Problem> Where in the listing does the word "Rectangular" appear? Report each line that holds it.

Record set>
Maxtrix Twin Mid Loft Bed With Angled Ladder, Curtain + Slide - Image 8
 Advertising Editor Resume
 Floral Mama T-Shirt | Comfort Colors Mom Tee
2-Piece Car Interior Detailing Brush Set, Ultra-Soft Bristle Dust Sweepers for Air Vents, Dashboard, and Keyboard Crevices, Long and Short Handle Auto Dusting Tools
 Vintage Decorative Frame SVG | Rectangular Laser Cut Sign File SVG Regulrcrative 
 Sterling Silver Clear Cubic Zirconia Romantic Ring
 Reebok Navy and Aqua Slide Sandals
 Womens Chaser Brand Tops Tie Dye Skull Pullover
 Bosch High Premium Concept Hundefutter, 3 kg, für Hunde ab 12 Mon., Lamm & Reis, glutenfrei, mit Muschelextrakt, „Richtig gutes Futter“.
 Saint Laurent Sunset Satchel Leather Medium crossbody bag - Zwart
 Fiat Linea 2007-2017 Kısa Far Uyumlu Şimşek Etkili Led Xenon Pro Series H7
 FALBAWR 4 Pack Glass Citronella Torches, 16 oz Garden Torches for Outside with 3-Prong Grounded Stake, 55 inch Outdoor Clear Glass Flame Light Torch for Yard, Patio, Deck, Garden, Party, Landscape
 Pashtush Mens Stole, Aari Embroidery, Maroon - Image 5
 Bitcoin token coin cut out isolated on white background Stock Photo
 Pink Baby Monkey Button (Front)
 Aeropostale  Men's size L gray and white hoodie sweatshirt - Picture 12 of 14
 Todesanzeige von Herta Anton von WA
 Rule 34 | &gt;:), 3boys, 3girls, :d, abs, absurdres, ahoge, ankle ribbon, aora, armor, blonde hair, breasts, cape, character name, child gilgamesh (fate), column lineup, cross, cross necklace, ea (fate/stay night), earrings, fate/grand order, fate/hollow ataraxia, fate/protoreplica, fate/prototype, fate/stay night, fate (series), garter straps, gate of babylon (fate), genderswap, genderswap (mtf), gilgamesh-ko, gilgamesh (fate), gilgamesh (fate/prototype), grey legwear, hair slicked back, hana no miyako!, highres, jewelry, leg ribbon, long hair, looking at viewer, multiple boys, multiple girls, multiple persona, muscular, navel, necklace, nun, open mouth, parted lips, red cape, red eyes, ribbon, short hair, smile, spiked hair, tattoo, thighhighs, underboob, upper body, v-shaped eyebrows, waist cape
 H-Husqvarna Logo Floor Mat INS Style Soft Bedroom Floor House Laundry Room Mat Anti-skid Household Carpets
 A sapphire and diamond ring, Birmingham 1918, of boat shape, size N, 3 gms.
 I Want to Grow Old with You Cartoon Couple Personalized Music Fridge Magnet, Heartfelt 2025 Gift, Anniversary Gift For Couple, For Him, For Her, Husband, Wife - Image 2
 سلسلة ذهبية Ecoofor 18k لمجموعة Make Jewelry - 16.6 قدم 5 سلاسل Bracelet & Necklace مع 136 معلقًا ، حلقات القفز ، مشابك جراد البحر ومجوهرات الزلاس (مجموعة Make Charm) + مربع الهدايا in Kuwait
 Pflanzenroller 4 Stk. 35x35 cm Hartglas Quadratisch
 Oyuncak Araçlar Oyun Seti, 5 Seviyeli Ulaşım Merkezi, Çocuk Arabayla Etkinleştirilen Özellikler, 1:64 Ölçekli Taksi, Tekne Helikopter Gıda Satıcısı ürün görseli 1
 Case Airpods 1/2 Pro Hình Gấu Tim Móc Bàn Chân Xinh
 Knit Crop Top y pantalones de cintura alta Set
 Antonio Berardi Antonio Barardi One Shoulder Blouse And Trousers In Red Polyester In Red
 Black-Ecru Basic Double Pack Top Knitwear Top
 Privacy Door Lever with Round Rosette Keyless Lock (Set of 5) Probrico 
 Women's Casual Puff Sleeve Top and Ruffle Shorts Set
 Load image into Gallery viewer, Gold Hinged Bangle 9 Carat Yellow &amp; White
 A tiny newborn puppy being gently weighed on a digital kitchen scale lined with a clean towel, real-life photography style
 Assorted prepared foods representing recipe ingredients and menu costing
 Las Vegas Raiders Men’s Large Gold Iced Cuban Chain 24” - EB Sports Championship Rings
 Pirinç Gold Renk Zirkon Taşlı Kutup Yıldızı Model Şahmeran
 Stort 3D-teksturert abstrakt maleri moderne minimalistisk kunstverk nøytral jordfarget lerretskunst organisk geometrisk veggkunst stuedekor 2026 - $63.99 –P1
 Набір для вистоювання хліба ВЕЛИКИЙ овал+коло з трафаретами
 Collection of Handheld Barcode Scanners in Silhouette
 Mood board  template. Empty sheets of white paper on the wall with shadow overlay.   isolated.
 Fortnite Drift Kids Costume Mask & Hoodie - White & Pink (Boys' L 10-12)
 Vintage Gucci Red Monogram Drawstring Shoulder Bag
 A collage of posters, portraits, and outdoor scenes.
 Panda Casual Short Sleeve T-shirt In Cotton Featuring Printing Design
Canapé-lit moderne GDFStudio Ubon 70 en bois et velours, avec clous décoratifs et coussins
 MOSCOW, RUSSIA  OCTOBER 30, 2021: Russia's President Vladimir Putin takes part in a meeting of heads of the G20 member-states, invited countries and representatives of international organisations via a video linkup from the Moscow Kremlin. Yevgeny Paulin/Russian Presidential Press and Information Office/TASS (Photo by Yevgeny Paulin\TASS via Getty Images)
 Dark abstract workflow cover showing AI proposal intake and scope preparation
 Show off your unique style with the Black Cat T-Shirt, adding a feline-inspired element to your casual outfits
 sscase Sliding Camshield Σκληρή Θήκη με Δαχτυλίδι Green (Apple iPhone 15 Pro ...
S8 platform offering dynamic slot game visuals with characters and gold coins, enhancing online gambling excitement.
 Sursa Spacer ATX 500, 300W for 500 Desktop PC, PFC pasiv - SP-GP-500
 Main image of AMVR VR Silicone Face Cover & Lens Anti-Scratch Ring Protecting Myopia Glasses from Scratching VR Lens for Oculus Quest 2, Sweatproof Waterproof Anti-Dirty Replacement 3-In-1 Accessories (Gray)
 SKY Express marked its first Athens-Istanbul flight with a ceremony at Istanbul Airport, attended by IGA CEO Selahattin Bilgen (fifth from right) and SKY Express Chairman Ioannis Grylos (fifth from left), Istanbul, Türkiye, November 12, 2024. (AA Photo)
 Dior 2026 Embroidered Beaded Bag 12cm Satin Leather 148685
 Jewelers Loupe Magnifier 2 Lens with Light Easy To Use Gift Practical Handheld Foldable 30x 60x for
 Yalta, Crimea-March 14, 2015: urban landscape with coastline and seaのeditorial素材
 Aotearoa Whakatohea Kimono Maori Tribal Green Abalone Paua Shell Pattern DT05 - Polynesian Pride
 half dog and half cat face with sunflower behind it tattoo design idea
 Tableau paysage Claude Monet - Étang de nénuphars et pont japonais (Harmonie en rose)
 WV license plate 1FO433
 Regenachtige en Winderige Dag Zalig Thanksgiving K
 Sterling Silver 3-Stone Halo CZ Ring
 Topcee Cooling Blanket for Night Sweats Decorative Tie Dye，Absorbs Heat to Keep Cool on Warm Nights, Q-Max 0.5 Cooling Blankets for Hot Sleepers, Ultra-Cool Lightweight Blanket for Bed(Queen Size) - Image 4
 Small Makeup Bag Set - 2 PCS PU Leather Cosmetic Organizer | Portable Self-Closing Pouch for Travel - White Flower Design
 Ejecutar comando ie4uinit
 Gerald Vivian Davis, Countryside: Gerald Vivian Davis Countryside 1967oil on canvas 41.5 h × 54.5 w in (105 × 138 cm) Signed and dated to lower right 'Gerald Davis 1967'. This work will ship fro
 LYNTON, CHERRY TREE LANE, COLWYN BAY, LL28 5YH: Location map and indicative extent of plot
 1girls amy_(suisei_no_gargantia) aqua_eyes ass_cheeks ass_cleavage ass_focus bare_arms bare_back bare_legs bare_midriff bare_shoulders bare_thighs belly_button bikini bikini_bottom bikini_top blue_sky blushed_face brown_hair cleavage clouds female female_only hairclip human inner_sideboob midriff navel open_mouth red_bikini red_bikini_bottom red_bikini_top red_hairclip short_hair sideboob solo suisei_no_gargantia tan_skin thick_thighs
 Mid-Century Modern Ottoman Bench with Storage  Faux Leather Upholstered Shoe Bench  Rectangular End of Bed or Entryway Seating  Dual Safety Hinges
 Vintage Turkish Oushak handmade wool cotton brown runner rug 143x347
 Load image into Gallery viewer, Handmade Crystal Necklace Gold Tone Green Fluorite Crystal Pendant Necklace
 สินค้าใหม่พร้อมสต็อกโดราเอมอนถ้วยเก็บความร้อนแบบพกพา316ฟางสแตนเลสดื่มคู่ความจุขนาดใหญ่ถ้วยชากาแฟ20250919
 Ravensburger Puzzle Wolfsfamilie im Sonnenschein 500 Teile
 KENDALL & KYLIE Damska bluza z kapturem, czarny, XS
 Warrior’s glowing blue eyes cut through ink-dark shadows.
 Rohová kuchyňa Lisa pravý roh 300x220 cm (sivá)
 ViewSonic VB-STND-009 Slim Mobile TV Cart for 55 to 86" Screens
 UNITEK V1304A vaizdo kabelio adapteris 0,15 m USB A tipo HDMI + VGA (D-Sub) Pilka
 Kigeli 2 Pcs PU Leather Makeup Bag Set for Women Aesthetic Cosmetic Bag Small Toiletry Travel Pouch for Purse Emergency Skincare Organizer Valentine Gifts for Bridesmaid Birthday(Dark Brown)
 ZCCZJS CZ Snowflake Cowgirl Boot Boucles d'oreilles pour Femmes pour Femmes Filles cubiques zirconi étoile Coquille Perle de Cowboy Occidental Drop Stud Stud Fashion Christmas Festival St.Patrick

Answer to this exercise>
 Vintage Decorative Frame SVG | Rectangular Laser Cut Sign File SVG Regulrcrative 
 Mid-Century Modern Ottoman Bench with Storage  Faux Leather Upholstered Shoe Bench  Rectangular End of Bed or Entryway Seating  Dual Safety Hinges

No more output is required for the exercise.